Copy out the lines of the records below, and only those lines, from the one with "寻找黑马之旅:世界杯上哪些球队会带来惊喜故事" through the one with "小红书训练营28天撕开流量入", exactly as they appear.

··· Source information ···

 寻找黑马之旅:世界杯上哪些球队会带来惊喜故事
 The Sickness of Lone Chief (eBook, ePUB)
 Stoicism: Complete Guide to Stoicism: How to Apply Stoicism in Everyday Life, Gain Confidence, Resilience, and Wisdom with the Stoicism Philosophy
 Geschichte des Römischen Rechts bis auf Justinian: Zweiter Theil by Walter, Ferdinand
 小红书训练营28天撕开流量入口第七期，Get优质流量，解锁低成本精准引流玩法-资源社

···
··· Source information ···

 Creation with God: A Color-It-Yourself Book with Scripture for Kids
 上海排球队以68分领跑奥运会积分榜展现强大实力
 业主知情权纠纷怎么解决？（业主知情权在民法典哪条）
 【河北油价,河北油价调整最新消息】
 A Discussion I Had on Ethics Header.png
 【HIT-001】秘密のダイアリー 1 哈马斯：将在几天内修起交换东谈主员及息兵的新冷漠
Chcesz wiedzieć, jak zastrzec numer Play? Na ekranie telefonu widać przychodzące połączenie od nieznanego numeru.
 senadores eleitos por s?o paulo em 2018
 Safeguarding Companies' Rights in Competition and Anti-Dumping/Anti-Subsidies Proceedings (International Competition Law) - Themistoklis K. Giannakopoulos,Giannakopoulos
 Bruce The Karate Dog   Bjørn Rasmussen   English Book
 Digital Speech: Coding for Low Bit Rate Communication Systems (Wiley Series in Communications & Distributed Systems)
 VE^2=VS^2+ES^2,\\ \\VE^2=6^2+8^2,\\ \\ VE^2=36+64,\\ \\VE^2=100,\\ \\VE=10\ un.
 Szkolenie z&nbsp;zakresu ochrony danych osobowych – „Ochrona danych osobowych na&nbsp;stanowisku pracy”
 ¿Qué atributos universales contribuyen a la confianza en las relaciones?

···
··· Source information ···

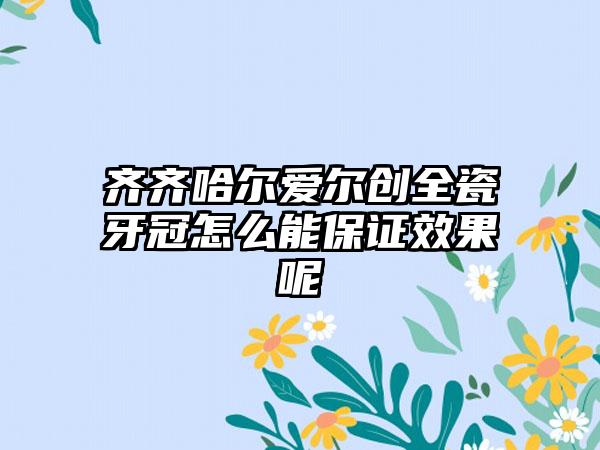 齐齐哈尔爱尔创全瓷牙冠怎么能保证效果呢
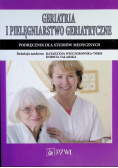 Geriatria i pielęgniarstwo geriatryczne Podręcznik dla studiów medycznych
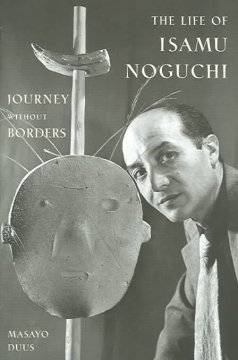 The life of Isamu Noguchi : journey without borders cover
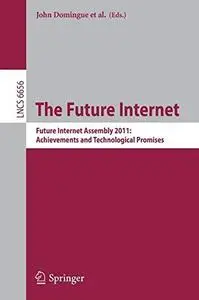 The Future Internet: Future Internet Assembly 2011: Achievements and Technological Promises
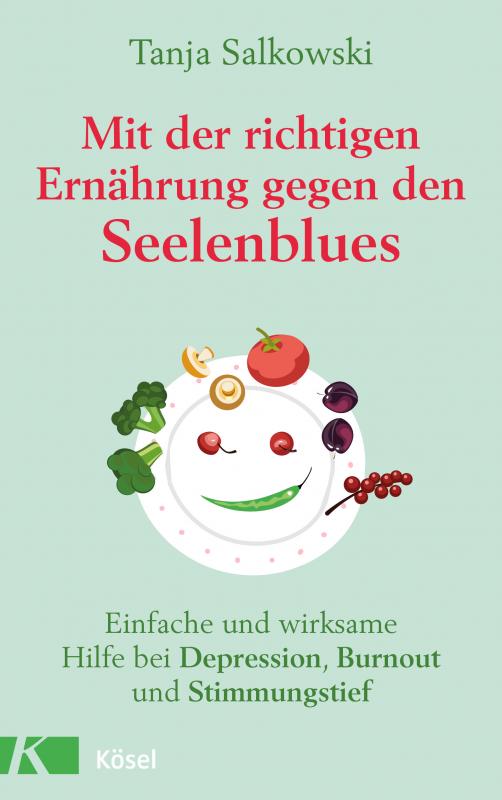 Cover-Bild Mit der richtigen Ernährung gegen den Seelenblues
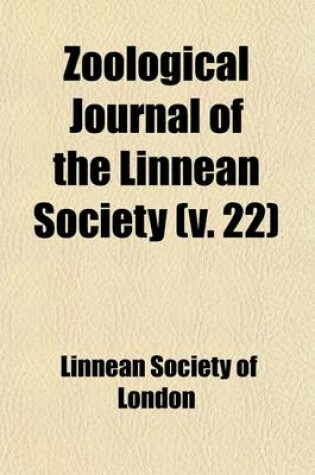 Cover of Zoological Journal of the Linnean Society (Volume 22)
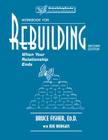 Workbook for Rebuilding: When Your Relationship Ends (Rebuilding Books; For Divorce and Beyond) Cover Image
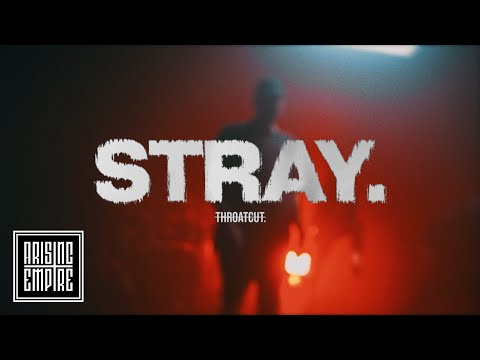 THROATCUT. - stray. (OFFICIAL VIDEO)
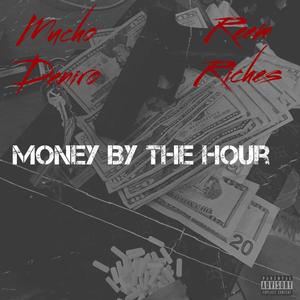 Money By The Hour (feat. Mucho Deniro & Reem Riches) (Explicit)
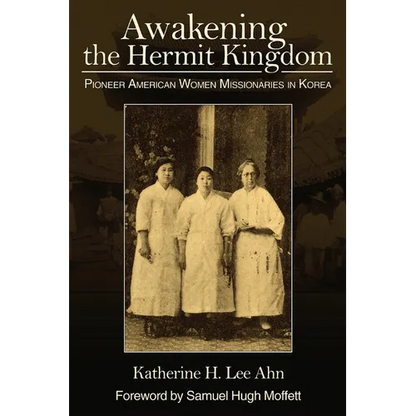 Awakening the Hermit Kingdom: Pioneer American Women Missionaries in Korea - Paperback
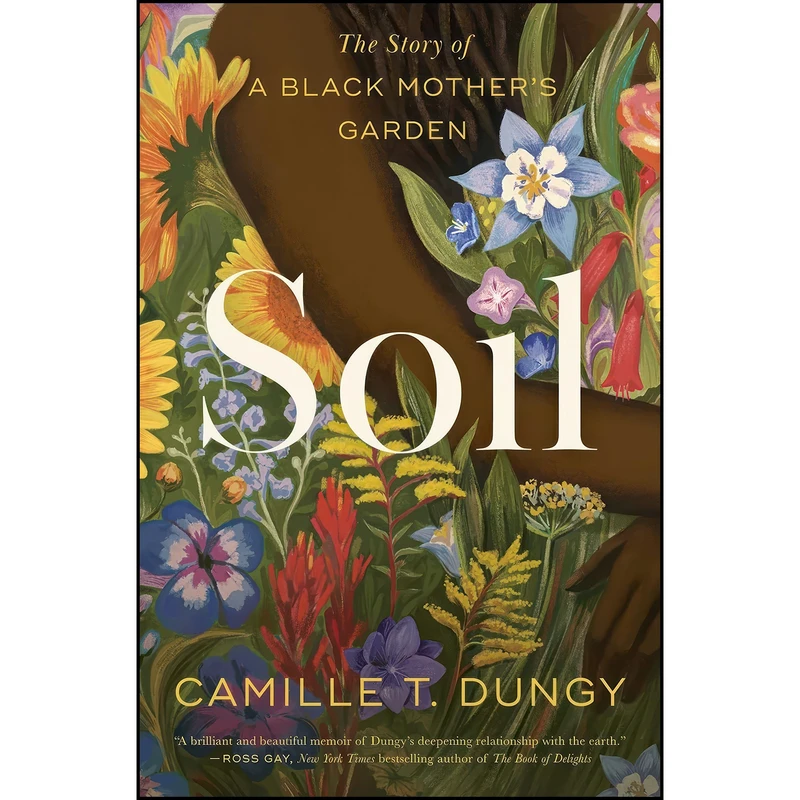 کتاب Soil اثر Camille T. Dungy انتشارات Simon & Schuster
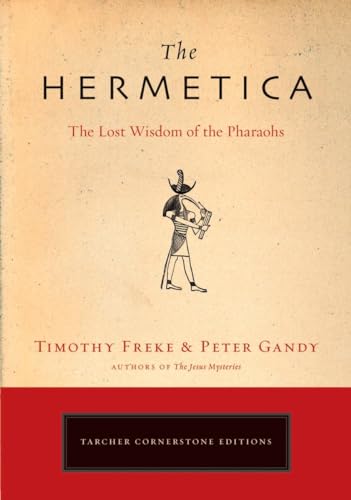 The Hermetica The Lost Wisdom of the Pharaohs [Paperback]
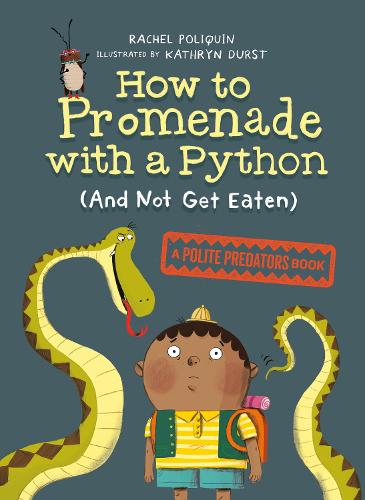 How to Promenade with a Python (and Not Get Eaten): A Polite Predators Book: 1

···

The answer:
 寻找黑马之旅:世界杯上哪些球队会带来惊喜故事
 The Sickness of Lone Chief (eBook, ePUB)
 Stoicism: Complete Guide to Stoicism: How to Apply Stoicism in Everyday Life, Gain Confidence, Resilience, and Wisdom with the Stoicism Philosophy
 Geschichte des Römischen Rechts bis auf Justinian: Zweiter Theil by Walter, Ferdinand
 小红书训练营28天撕开流量入口第七期，Get优质流量，解锁低成本精准引流玩法-资源社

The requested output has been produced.